# MATERIALS PROVIDED
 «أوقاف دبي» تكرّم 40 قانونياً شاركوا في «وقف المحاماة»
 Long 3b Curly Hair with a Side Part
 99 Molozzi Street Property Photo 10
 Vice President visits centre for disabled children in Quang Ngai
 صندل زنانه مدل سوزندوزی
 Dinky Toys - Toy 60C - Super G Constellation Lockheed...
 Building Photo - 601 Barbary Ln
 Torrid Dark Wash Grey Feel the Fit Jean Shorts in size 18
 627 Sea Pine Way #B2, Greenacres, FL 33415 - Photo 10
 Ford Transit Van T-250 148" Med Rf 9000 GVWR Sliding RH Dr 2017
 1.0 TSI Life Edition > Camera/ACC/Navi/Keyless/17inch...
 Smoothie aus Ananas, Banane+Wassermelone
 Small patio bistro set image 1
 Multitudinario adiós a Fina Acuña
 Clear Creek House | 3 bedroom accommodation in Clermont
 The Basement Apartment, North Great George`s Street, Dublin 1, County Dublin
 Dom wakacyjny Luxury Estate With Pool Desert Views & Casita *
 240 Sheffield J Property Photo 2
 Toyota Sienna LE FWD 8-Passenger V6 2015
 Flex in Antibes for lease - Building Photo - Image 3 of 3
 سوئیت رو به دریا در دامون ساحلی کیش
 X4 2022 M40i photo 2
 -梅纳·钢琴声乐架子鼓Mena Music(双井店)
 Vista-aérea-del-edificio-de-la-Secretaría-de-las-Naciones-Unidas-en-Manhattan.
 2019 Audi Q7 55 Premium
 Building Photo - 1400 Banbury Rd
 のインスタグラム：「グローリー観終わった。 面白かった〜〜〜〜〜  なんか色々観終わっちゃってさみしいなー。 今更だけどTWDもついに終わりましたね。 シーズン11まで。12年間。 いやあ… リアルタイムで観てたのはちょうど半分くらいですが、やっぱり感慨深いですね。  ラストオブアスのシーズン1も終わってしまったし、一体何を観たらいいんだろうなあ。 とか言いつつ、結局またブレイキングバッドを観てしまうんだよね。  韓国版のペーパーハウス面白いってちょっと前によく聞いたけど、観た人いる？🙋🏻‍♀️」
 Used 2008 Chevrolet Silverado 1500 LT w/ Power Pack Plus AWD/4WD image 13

# WHAT IS BEING ASKED
Scan the records above for the string "Building", and copy every line where it turns up.

# RESPONSE AREA
 Building Photo - 601 Barbary Ln
 Flex in Antibes for lease - Building Photo - Image 3 of 3
 Building Photo - 1400 Banbury Rd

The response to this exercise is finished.